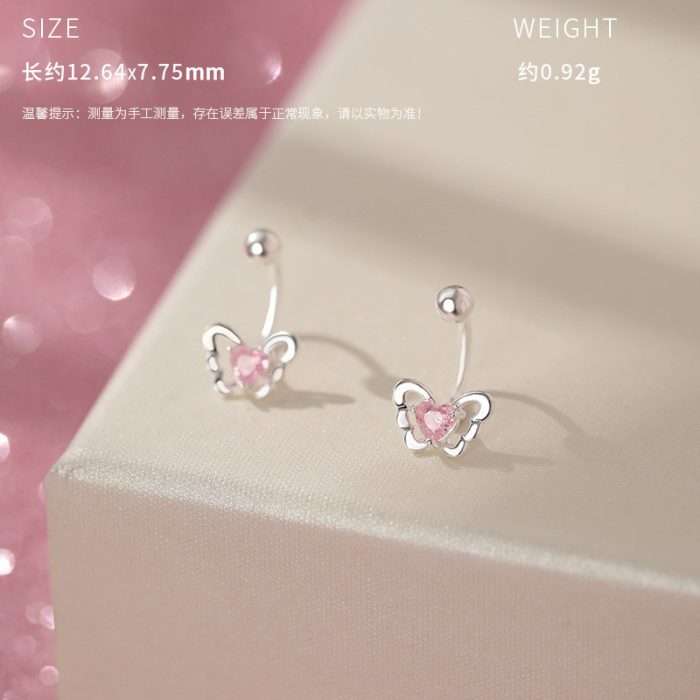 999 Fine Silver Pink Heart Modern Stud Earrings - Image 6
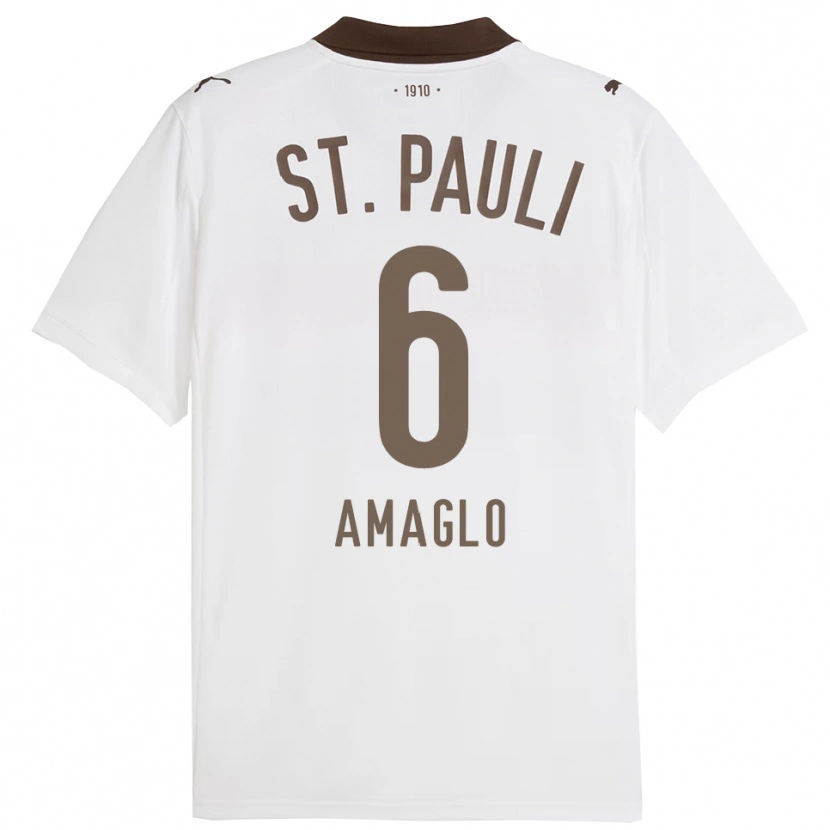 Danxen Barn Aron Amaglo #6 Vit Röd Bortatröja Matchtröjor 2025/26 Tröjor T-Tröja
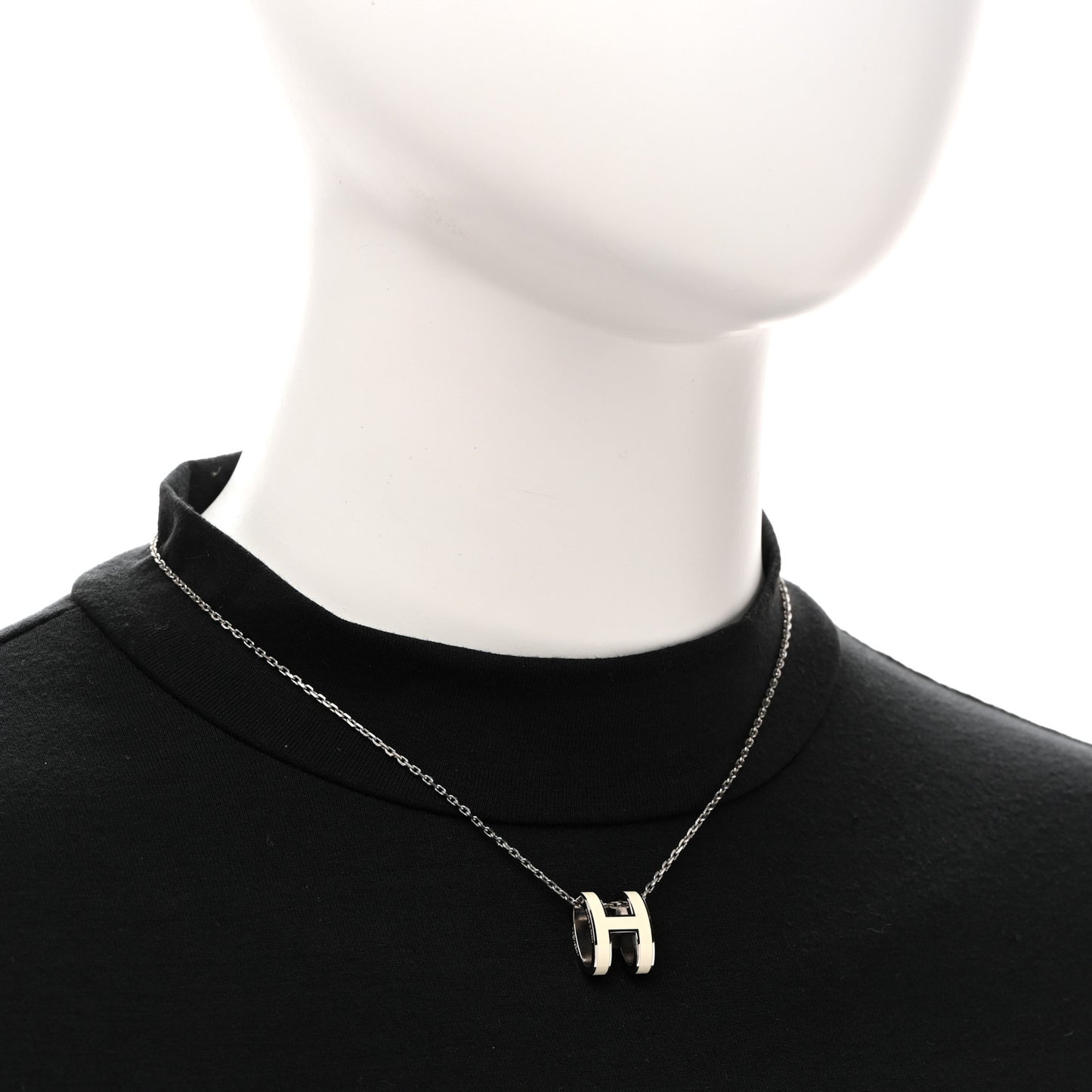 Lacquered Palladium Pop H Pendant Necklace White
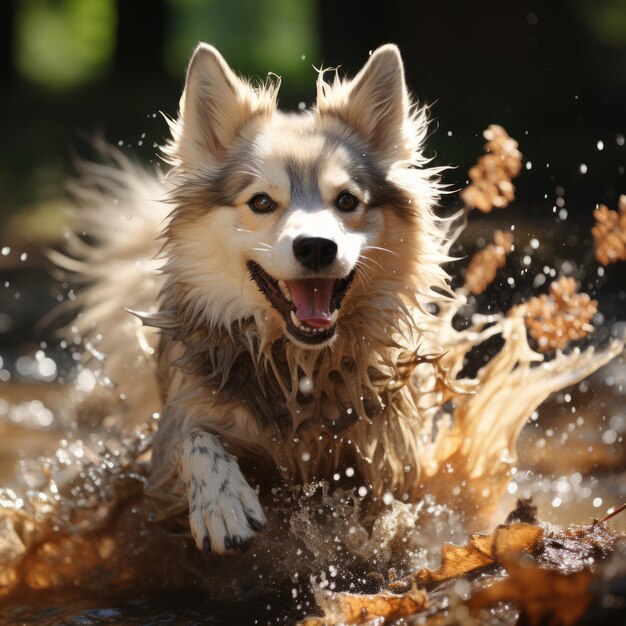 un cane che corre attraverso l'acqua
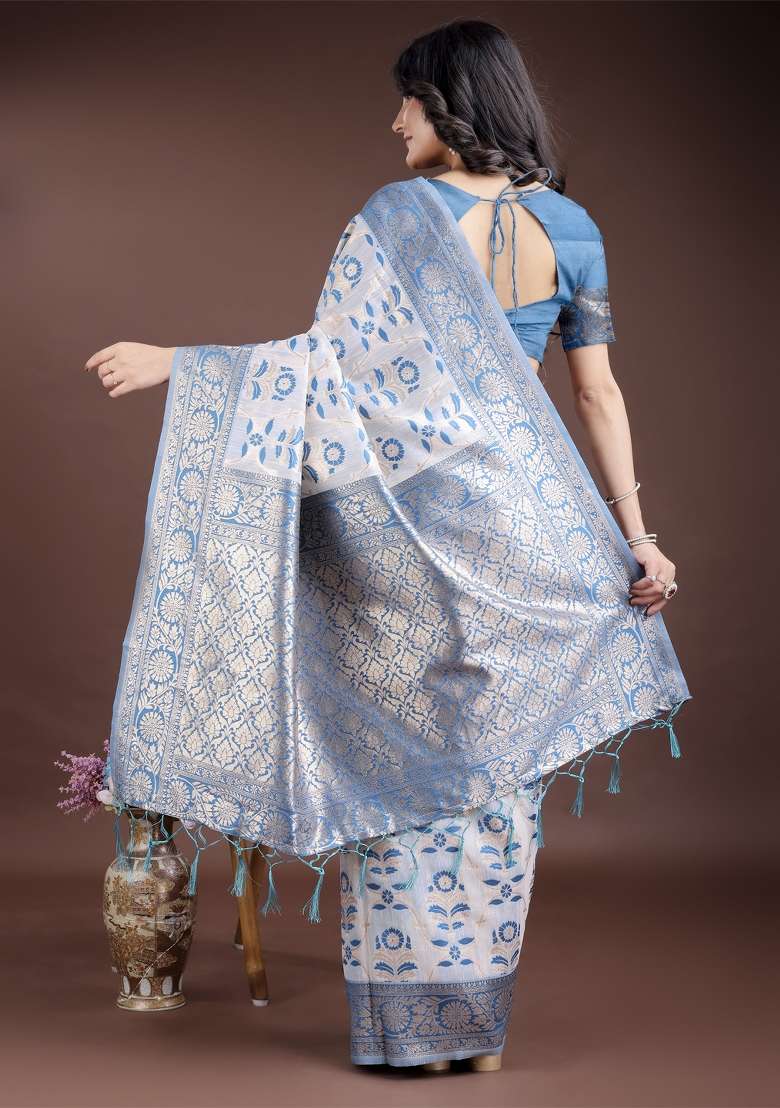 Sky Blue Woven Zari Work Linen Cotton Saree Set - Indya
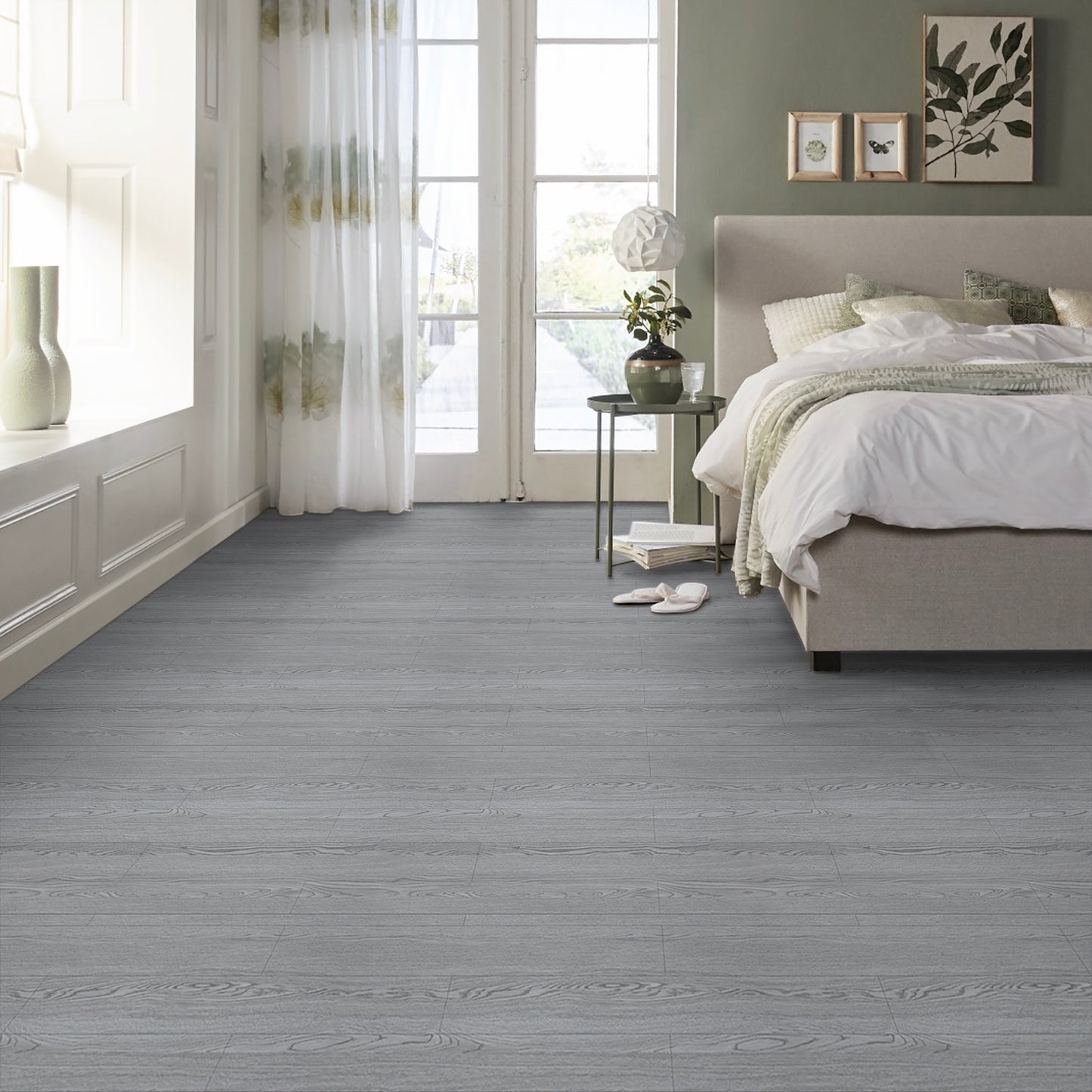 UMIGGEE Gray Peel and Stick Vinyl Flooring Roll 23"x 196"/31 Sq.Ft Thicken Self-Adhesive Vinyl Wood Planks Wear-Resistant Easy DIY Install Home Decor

### Exercise prompt
Could you return, word for word, every line from the line with "Danxen Barn Aron" through the last line of the listing above, both ends included, without any pictures?

### Response
 Danxen Barn Aron Amaglo #6 Vit Röd Bortatröja Matchtröjor 2025/26 Tröjor T-Tröja
 Lacquered Palladium Pop H Pendant Necklace White
 un cane che corre attraverso l'acqua
 Sky Blue Woven Zari Work Linen Cotton Saree Set - Indya
 UMIGGEE Gray Peel and Stick Vinyl Flooring Roll 23"x 196"/31 Sq.Ft Thicken Self-Adhesive Vinyl Wood Planks Wear-Resistant Easy DIY Install Home Decor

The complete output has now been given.